Wonder Woman and her lasso of truth; Spiderman and his web-shooters; Thor and his hammer; Ironman and his suit; each have special tools that aid in their mission to meet justice in society. Superman, the earliest of these characters, has been described as one who is “faster than a speeding bullet, more powerful than a locomotive, and able to leap tall buildings in a single bound.” His superhuman strength allowed him to lift cars over his head, run at amazing speeds, and leap high into the air. Those familiar with the storyline know that Clark Kent is the secret identity of Superman, who derives of his power and strength from his Kryptonian heritage, allowing him to do things beyond the capacity of mere human beings.

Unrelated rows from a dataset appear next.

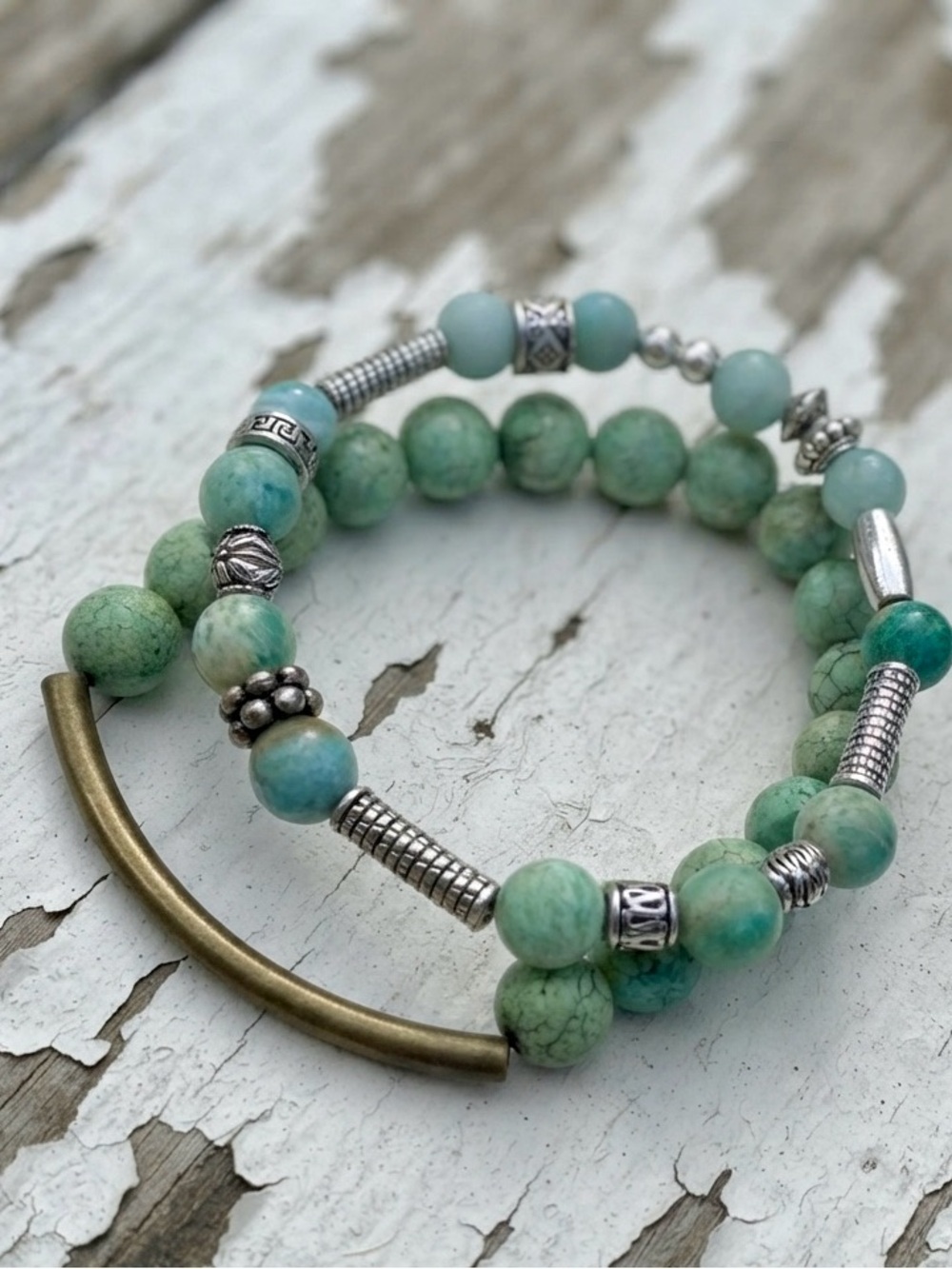 Turquoise Green Beaded Stretch Bracelet with Mixed Metal Accents
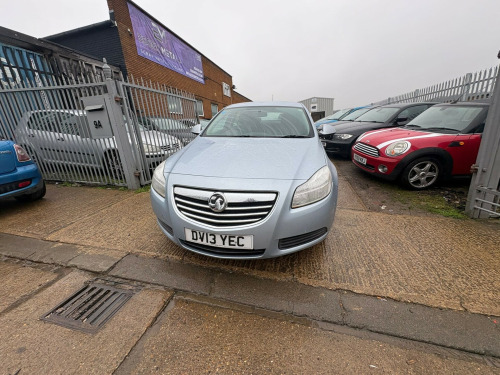 Vauxhall Insignia  1.8 16V Exclusiv Hatchback 5dr Petrol Manual Euro 5 (140 ps) 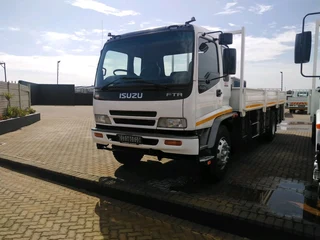 Isuzu FTR 800 with 10 wholes None Turbo
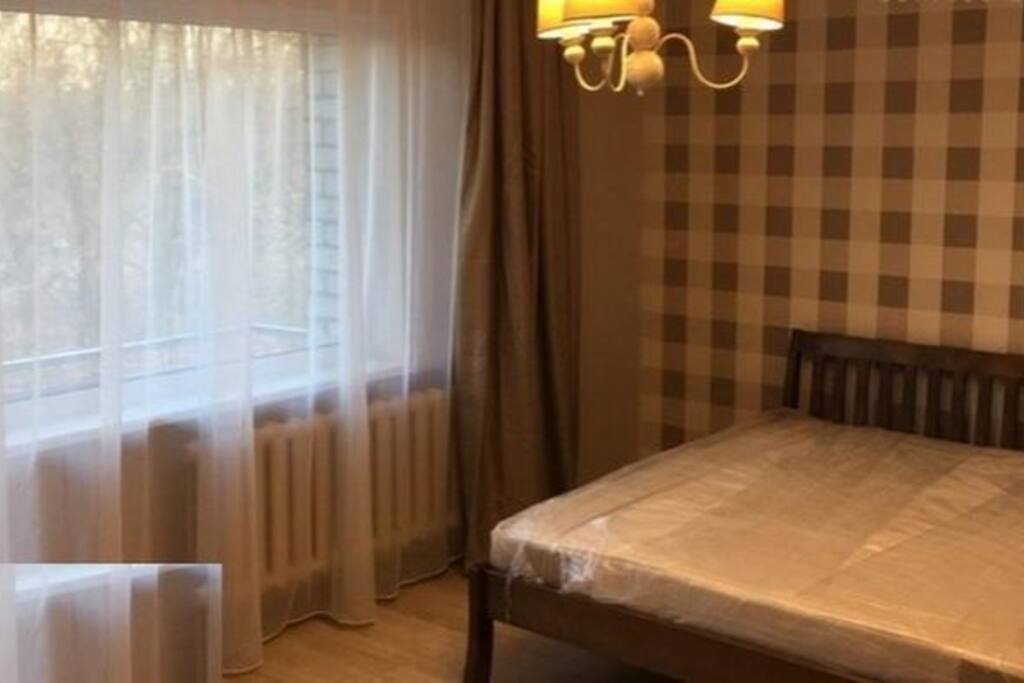 bed is 1.6 x 2 m. The room is quiet at night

While we may not be the beneficiaries of a Kryptonian heritage, people of faith are the heirs of a spiritual heritage that imbues us with the power to accomplish and do great things for the good of humanity and the glory of God’s name. We may not be able to leap over tall buildings or stop speeding bullets, but through the power of the Holy Spirit we can reach the unreachable and do the unthinkable. We may not be able to lift parked cars or run at amazing speeds, but, through the power of the Spirit, we are able to lift bowed down heads and cause movement in people’s feet with words and actions that encourage and inspire as we share the message of God’s amazing love.
The tools of witness, Word, prayer, and the power that we receive from the Holy Spirit, equips us to do what we cannot do on our own. God blesses us and endows us with the Holy Spirit’s power so that we might be a blessing to others: to the child who is hungry; to the girl with low self-esteem; to the boy who craves attention; to the woman who wants to be loved; to the man who needs to know his value; to the parents struggling to provide for and protect their children; to the people who experience racism and oppression of every kind. God gives us differing gifts and various abilities that serve to bless and to help others know and experience the love of God and to receive the help that they so desperately need.
In this season of Pentecost, may we be reminded of the power and strength that is ours as we seek to serve and carry out God’s mission with the hope of making a difference in the world.